Yep. Since I wrote that post I have worked that out myself. I now use the same as you posted. "regdomain ETSI country GB".


----------



## Phishfry (Jan 13, 2020)

I had a wireless module that was showing debug and had to force it. For the US:
create_args_wlan0="regdomain FCC country US"


----------



## cloud8111 (Jan 13, 2020)

The countrycode and regdomain settings control the channels the card can operate on, as well as maximum transmission power, whether active scanning can be used, where and how ad-hoc mode can be used and also whether DFS and TPC (802.11h) support is required.


----------



## jomm (Aug 16, 2021)

Chris_H said:


> xtaz is _exactly_ right. *That* is what the installer was asking for. I know this, because I _just_ went through the whole ordeal _the hard way_.
> 
> Good luck!
> 
> --Chris


Wow! I'm up against the same issue - I wouldn't have guessed that the small list of regdomains (in pairs, some with a country as the first or second part of the 'pair', some with just two regdomains) was a prompt to drop out of the installer and manually edit a configuration file!

Anyway 'No wireless networks were found. Rescan?'

This aspect of the installer is quite a deal-breaker in some ways, and will definitely put people off if they have been using other Unix-like OSes! It would be awesome to be able to detect WiFi networks (it is such a shame, because the WiFi device I am using is supported in FreeBSD, and while it not may be the regdomain, it just won't find any networks, but it does on mac, Debian (including Ubuntu), Windows, etc!


----------



## grahamperrin@ (Aug 16, 2021)

jomm said:


> the WiFi device



What is it?


----------



## grahamperrin@ (Jan 8, 2022)

Vull said:


> … Also incidentally …:
> 
> For me, `create_args_wlan0="country US"` and it has never been necessary (for me) to specify regdomain.
> When I use the USB installer to configure wireless networking while installing 13.0-RELEASE, it allows me, but notably, _doesn't require me_, to specify regdomain.
> regdomain is not case-sensitive. For country code US, /etc/regdomain.xml specifies rd id="fcc" but <rd id="fcc"> specifies <name>FCC</name>. I get the same results whether I use "FCC" or "fcc" for regdomain in my /etc/rc.conf file. I've tried it all three ways, just to be certain of this. Quoting from /etc/regdomain.xml, "Regdomain code gets this information with the IEEE80211_IOC_DRIVERCAPS ioctl." 𡀦…

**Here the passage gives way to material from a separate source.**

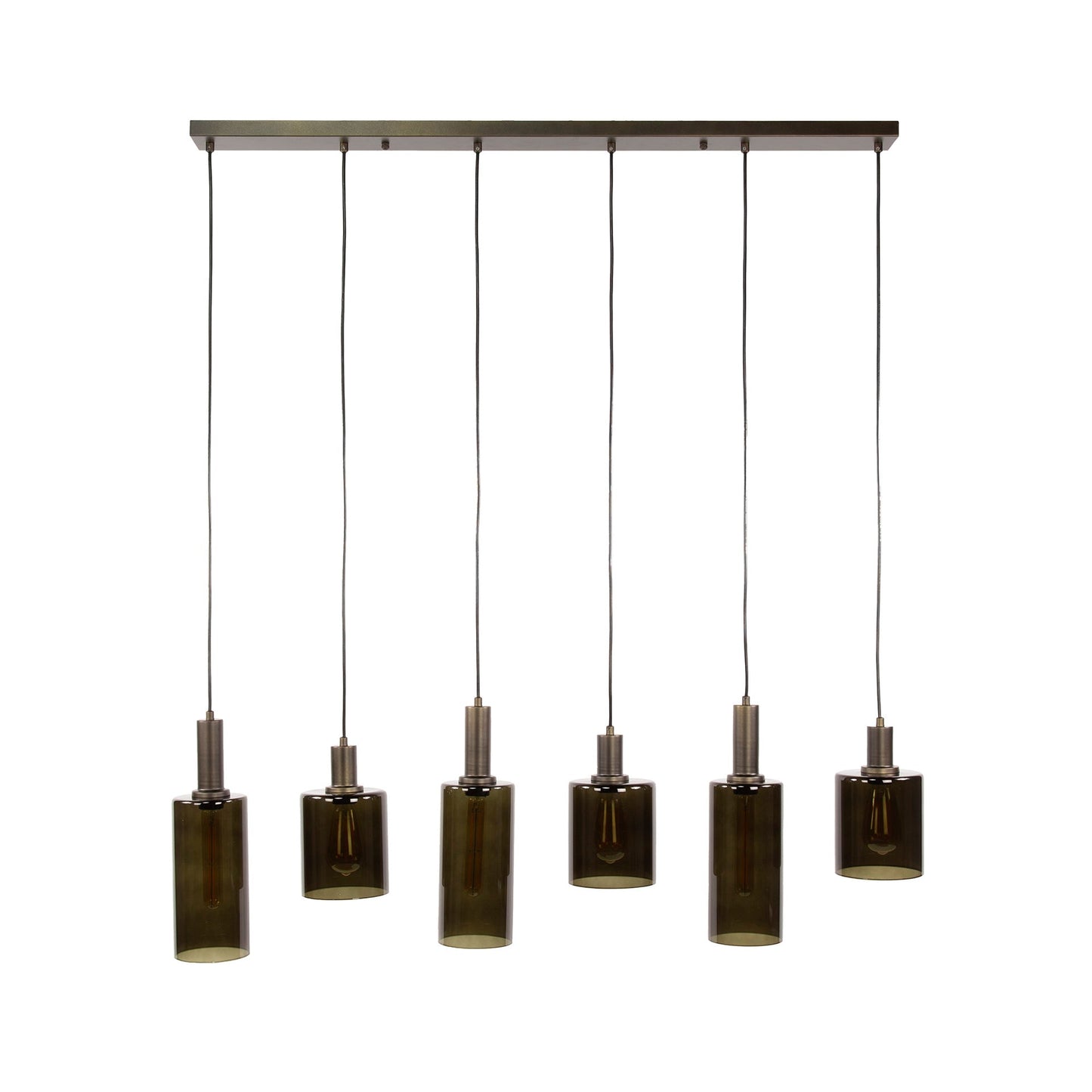 Luxusbetten24 Ayu Pendelleuchte, Moderne Zylinder Glasschirme, 6‑Flammig, Braun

I can't recall (and can't easily test), does a prompt for regdomain appear _automatically_ if the person installing chooses a WLAN configuration?

bsdinstall(8) `netconfig` mentions `wlanconfig`, which is probably:

https://github.com/freebsd/freebsd-src/blob/main/usr.sbin/bsdinstall/scripts/wlanconfig



Vull said:


> _*[FONT=monospace]riemannesco[/FONT]*_'s  country code is probably "FR" for France



I imagine so. Elsewhere, riemannesco /u/riemannesco wrote: "… la nationalité suisse en habitant en France, …".

Seeing the `etsi2` discrepancy for `AT`, I wondered whether something other than `etsi` might be appropriate for `FR`. I found a few documents on the Internet with other codes, but nothing definitive. (I find much of it quite mysterious. I can't complain, when one of the initially interesting documents appeared to be an unauthorised copy of something confidential.)

<https://en.wikipedia.org/wiki/IEEE_802.11#Regulatory_domains_and_legal_compliance>




vince66 said:


> Could be help:
> 
> Regulatory Domains by Country



It certainly was helpful, thanks, however the site is now down. In the Wayback Machine (nothing more recent): 

<https://web.archive.org/web/2021030...mmitdata.com/Documents/Regulatory_Domains.pdf>


----------